* [THE TASK]
The full listing, written out exactly and without images, is the expected result.

* [INFORMATION SHOWN]
++++

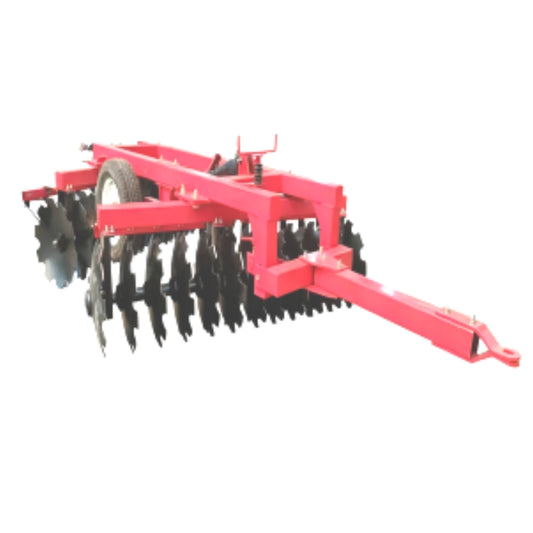 1BZ-2.5 Disc harrower，Mate Power 120hp，Working Efficiency 7 ha/10h，Multi-functional high-efficiency disc harrow for land clearing, weed and crop residue removal, soil loosening, and soil temperature improvement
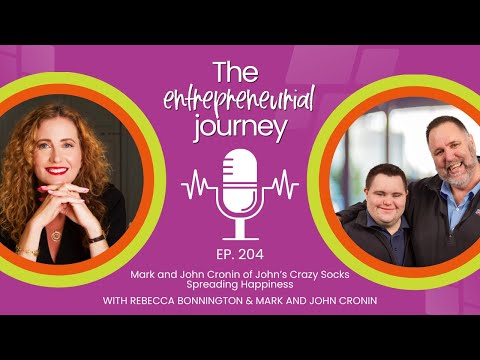 Episode 204: Mark and John of John’s Crazy Socks Spreading Happiness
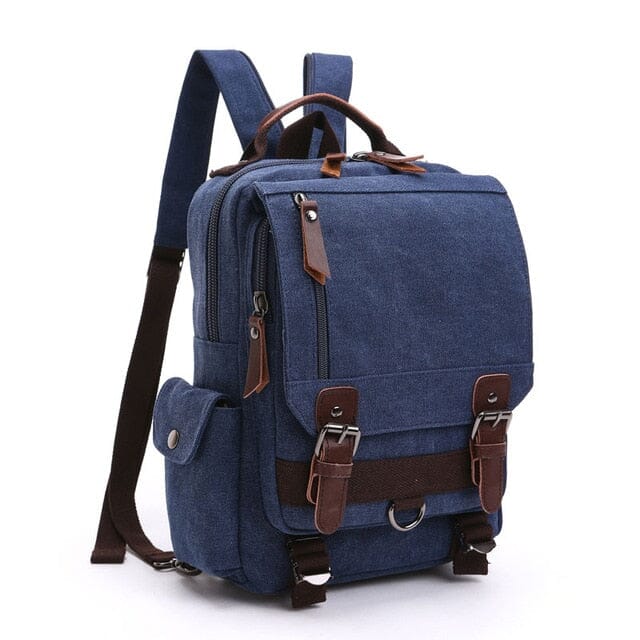 Mochila pequena de viagem vintage para mulheres em tecido retrô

++++

* [COMPLETED TASK]
 1BZ-2.5 Disc harrower，Mate Power 120hp，Working Efficiency 7 ha/10h，Multi-functional high-efficiency disc harrow for land clearing, weed and crop residue removal, soil loosening, and soil temperature improvement
 Episode 204: Mark and John of John’s Crazy Socks Spreading Happiness
 Mochila pequena de viagem vintage para mulheres em tecido retrô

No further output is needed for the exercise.